#Linear Programming for Stock Optimization


In many business applications, prediction is only the starting point. For instance, if we have a model that predicts stocks in different warehouses, we still need to see how to best optimize the transport between the warehouses. This notebook shows how to optimize tranport in a network using linear programming with Pyomo.  

We will consider a network of warehouses. Each warehouses has a given stock capacity and a transport cost attached to each available route between warehouses. We wish to satisfy the demands in each target warehouses.

***

## Setup and dataset loading  
First of all, let's load the libraries that we'll use.

**This notebook requires the installation of the [pyOmo](https://pyomo.readthedocs.io/en/latest/) package.** [See here for help with intalling python packages.](https://www.dataiku.com/learn/guide/code/python/install-python-packages.html)

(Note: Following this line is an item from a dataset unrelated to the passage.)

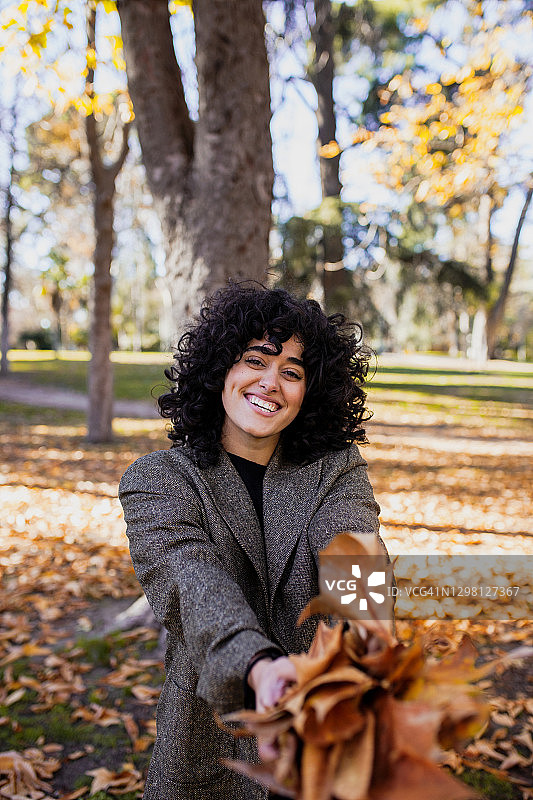 微笑的女人拿着干树叶站在公园里图片素材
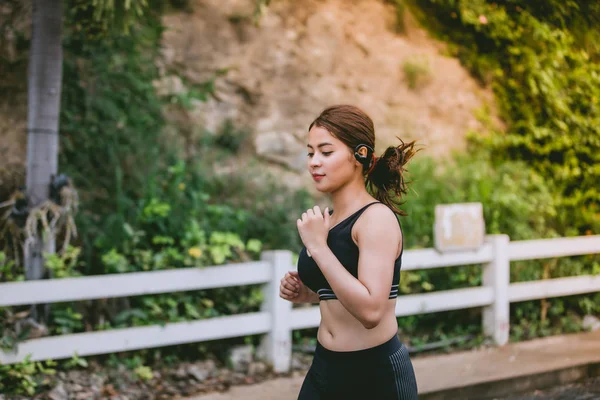 Asiatiska kvinnor löpning och jogging under utomhus på road i park — Stockfoto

**You should also check that an optimization solver (glpk for example) is alreayd installed.**

In [1]:
%pylab inline
import warnings 
warnings.filterwarnings("ignore",category=DeprecationWarning) # Disable some warnings
import dataiku
from dataiku import pandasutils as pdu
import pandas as pd

from pyomo.environ import *

Populating the interactive namespace from numpy and matplotlib


In [2]:
dataset_limit = 10000

#PUT YOUR DATASET NAME HERE 
mydataset = dataiku.Dataset("Customer_Analysis_prepared")
df = mydataset.get_dataframe(limit = dataset_limit)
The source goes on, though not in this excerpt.